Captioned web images
=== Begin Enclosure ===

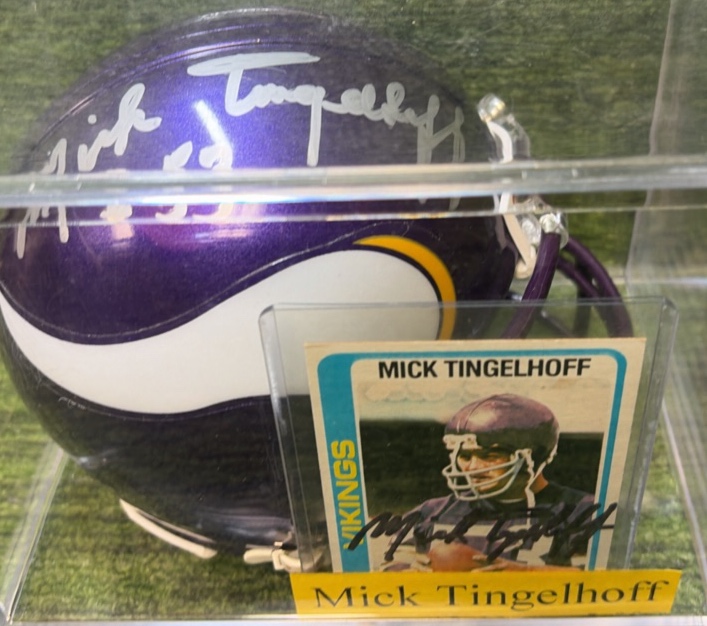 Mick Tingelhoff Signed 1978 Topps Card #451 Minnesota Vikings w Auto Card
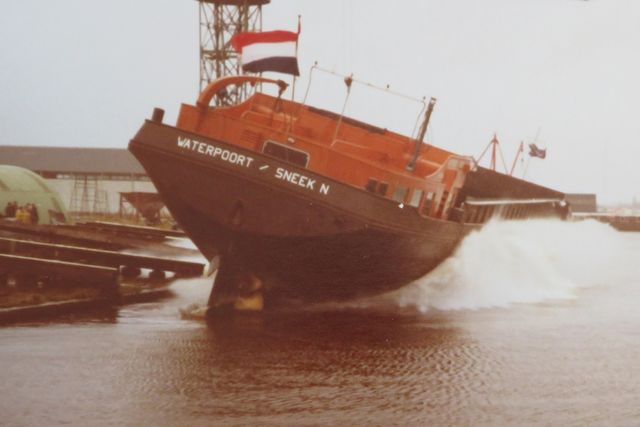 Te waterlating van binnenvaartschip Waterpoort in Oude Schouw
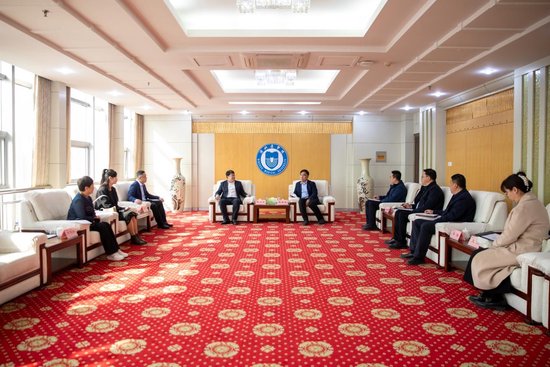 会见现场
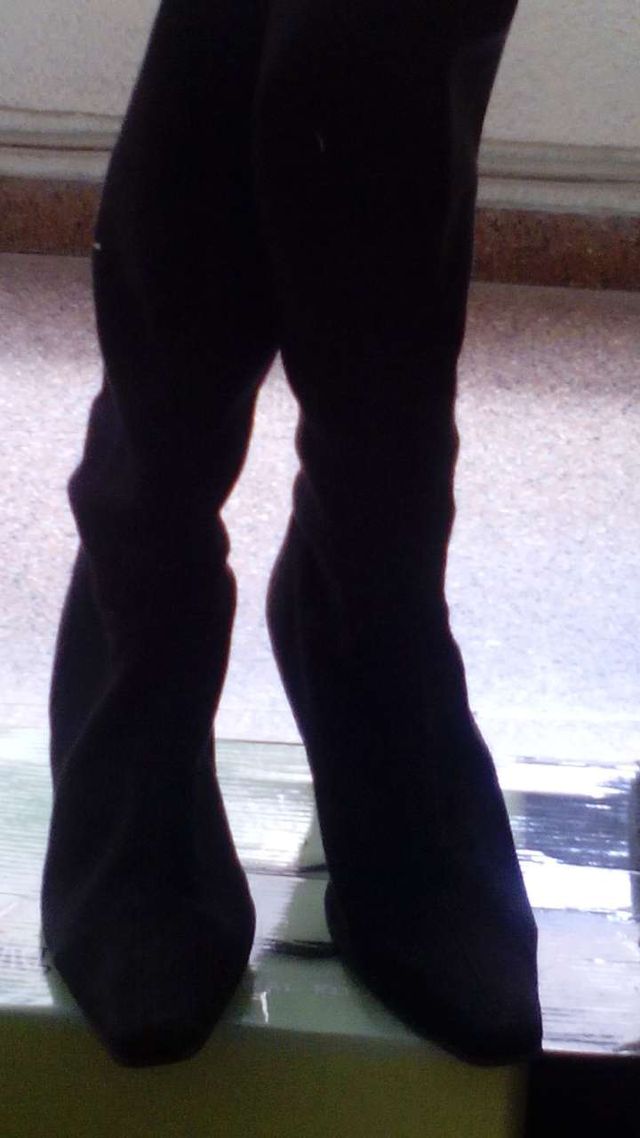 Botas negras de ante altas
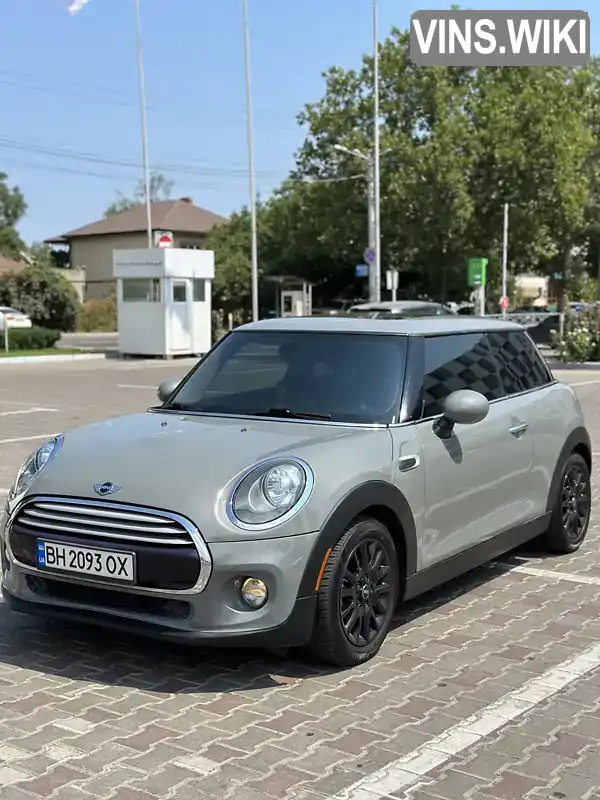 Хэтчбек MINI Hatch 2014 1.5 л. Автомат обл. Одесская, Одесса - Фото 1/12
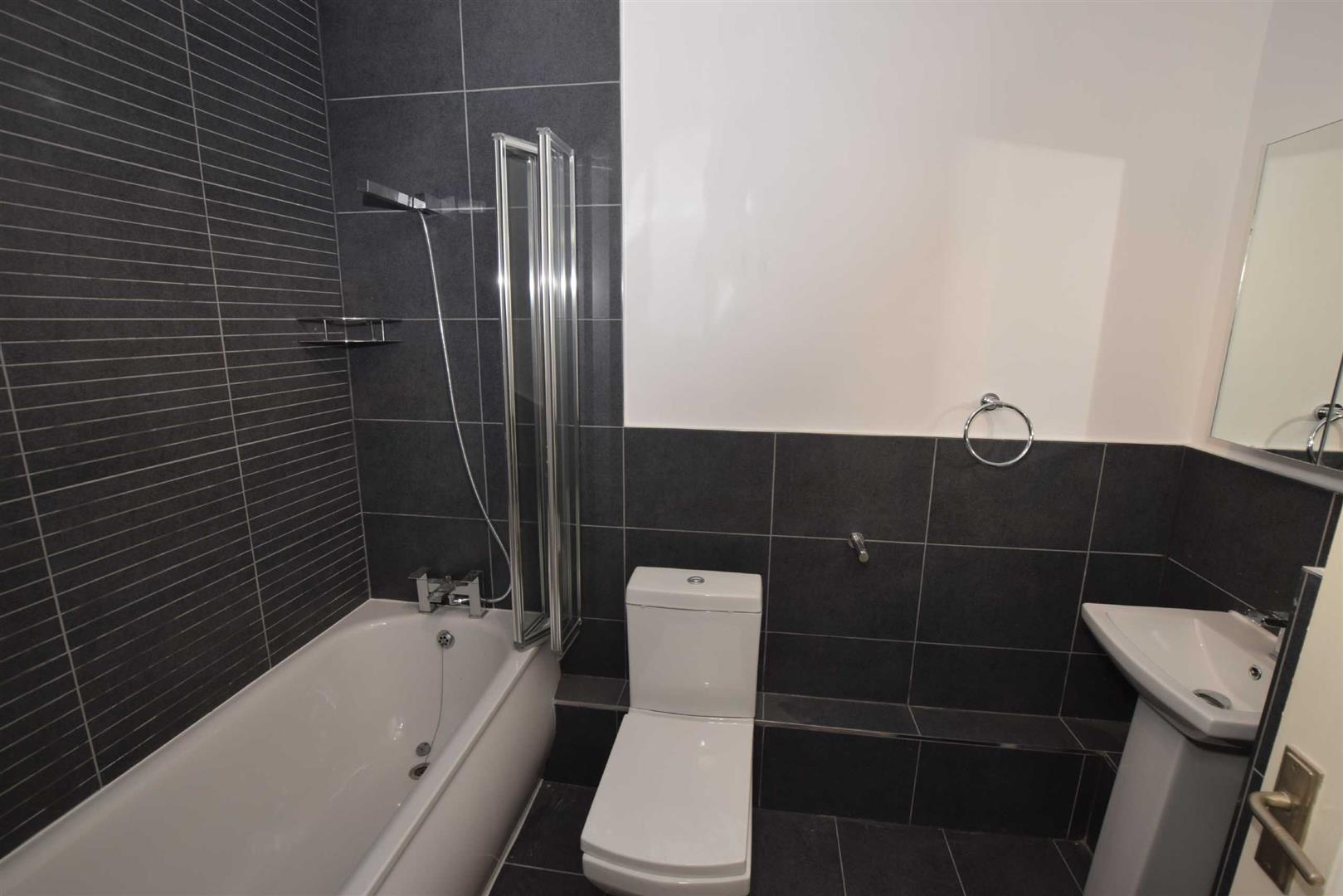 127 Castle Hill  Apartment for sale in Reading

=== End Enclosure ===

[YOUR TASK]: The line that contains "Te waterlating van" begins the range and the last line of the entries ends it; print that range exactly, without pictures.

[RESULT]:
 Te waterlating van binnenvaartschip Waterpoort in Oude Schouw
 会见现场
 Botas negras de ante altas
 Хэтчбек MINI Hatch 2014 1.5 л. Автомат обл. Одесская, Одесса - Фото 1/12
 127 Castle Hill  Apartment for sale in Reading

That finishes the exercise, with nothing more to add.